Lady Maynard was the second wife of the 1st Baron Maynard, a gentleman of the Privy Chamber who had been an MP and was lord lieutenant of Cambridgeshire in 1620.
11
He built a house at Easton Lodge, near Bishop’s Stortford in Essex, which was given an additional wing and chapel in 1621.
12
The house was completely rebuilt in 1847, but the original can be seen in a 1768 engraving. The site is still discernible in the west wing of Warwick House and a gatehouse on the Stortford Road.

 

Tantalisingly, an inventory has survived for the house as it was in 1637, entitled ‘A Booke of all the householdstuf in Eston Lodge’. It differs from other contemporary inventories in that it does not include clothes and jewels, but is notable for detailing the richness of the furnishings and especially the needlework. It offers a detailed record of the house of Mrs Wolley’s youthful service. Lord Maynard
died in 1640 ‘due to a fever brought on by zeal in the King’s Service’ in putting down an army mutiny.
13

 

She presumably left service not long after, as she is next heard of in 1646, when she married Jerome Wolley, master at the free grammar school in Newport, very close to Little Easton. She also helped her husband run a school in Hackney for a time. After he died, she married in 1666 one Francis Challiner, who died before February 1669. She published
The Ladies Directory
in 1661, which was quickly reprinted, following it with
The Cook’s Guide
in 1664,
The Queen-Like Closet
in 1670, and
The Ladies Delight
in 1672 – all principally recipe books. Her last authenticated book was
A Supplement to the ‘Queen-Like Closet’ or A Little of Everything
, which appeared in 1674, with recipes, notes on household management, and instructions for embroidery and letter writing.

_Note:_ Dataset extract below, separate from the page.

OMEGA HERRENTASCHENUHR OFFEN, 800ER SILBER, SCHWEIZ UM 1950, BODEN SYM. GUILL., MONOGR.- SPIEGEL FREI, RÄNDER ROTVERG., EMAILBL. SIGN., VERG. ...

Her books all show her to be highly educated and able.

 

Cooks then were still principally men and among her contemporaries her principal rival was fellow author and male master cook Robert May, who had worked for Lord Montague, Lord Lumley, Lord Dormer and Sir Kenelm Digby. His
The Accomplisht Cook
was first published in 1660. In the expanded edition of 1684 he writes of the ‘Triumphs and Trophies of cooking’ that he created for his earlier patrons, as well as of his alarm at the fashion for French male cooks, who remain much in evidence for the next three centuries.
14

 

Mrs Wolley’s output is essentially recipe books.
The Ladies Directory
, for instance, sets out a series of recipes for dishes and home remedies, including preserves, jellies and waters with medicinal value. The longer title is ‘the ladies directory in choice experiments & curiousities of preserving in jellies, and candying both fruits & flowers: Also, an excellent way of making cakes, comfits, and rich-court perfumes. With rarities of many precious waters; among which . . . excellent water against the plague: with severall consumption drinks, approved by the ablest physicians.’